[Items listed in a dataset]
[Start of Attachment]
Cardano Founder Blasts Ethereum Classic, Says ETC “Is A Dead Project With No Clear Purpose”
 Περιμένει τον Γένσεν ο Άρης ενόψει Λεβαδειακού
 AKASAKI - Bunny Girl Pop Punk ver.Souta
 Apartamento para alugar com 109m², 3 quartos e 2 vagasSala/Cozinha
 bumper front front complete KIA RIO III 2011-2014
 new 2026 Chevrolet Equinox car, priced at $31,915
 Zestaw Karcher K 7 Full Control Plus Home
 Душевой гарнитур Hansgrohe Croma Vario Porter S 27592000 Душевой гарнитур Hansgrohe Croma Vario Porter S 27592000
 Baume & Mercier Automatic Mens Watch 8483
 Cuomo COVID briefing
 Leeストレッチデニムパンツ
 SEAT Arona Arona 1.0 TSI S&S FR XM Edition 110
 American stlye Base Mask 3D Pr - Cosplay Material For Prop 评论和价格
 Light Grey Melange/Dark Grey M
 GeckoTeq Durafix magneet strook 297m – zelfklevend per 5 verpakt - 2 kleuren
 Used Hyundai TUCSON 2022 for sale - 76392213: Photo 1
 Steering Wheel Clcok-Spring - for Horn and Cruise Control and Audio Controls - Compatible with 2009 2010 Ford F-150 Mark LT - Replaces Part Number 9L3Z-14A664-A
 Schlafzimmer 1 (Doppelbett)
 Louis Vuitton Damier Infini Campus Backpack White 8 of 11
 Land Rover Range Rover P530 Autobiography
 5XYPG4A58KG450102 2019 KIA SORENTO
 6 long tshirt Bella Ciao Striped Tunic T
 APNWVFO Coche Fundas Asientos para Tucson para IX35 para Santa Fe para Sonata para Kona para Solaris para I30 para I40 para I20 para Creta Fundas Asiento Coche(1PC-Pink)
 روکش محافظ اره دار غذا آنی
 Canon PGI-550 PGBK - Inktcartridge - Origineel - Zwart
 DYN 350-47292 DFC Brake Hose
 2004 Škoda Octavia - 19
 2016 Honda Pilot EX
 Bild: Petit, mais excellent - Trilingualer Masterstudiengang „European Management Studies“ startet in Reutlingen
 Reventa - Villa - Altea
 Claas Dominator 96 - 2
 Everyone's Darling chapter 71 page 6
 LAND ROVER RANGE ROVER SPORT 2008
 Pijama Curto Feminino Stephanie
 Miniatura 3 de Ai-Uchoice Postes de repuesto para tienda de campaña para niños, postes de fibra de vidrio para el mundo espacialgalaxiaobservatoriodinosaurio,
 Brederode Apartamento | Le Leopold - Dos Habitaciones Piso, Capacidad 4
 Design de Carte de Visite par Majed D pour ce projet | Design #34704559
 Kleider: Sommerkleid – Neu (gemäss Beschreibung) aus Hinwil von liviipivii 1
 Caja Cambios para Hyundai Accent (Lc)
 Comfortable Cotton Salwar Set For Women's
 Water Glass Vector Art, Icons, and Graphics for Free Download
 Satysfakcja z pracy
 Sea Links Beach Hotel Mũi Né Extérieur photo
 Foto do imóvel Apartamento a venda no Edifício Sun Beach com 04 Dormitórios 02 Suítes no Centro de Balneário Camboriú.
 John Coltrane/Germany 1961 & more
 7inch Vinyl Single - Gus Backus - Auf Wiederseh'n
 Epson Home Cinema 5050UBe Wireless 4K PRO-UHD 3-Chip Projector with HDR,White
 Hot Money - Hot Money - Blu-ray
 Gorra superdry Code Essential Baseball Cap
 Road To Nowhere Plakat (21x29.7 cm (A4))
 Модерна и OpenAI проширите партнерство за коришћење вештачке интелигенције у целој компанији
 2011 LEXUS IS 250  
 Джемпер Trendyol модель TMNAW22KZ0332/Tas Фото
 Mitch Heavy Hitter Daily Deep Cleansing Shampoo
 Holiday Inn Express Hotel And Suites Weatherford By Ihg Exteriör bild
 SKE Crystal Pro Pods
[End of Attachment]
▶ _WORK TO BE COMPLETED_
Among the lines above, find the ones containing "para" and copy them.

▶ _ANSWER BOX_
 Apartamento para alugar com 109m², 3 quartos e 2 vagasSala/Cozinha
 APNWVFO Coche Fundas Asientos para Tucson para IX35 para Santa Fe para Sonata para Kona para Solaris para I30 para I40 para I20 para Creta Fundas Asiento Coche(1PC-Pink)
 Miniatura 3 de Ai-Uchoice Postes de repuesto para tienda de campaña para niños, postes de fibra de vidrio para el mundo espacialgalaxiaobservatoriodinosaurio,
 Caja Cambios para Hyundai Accent (Lc)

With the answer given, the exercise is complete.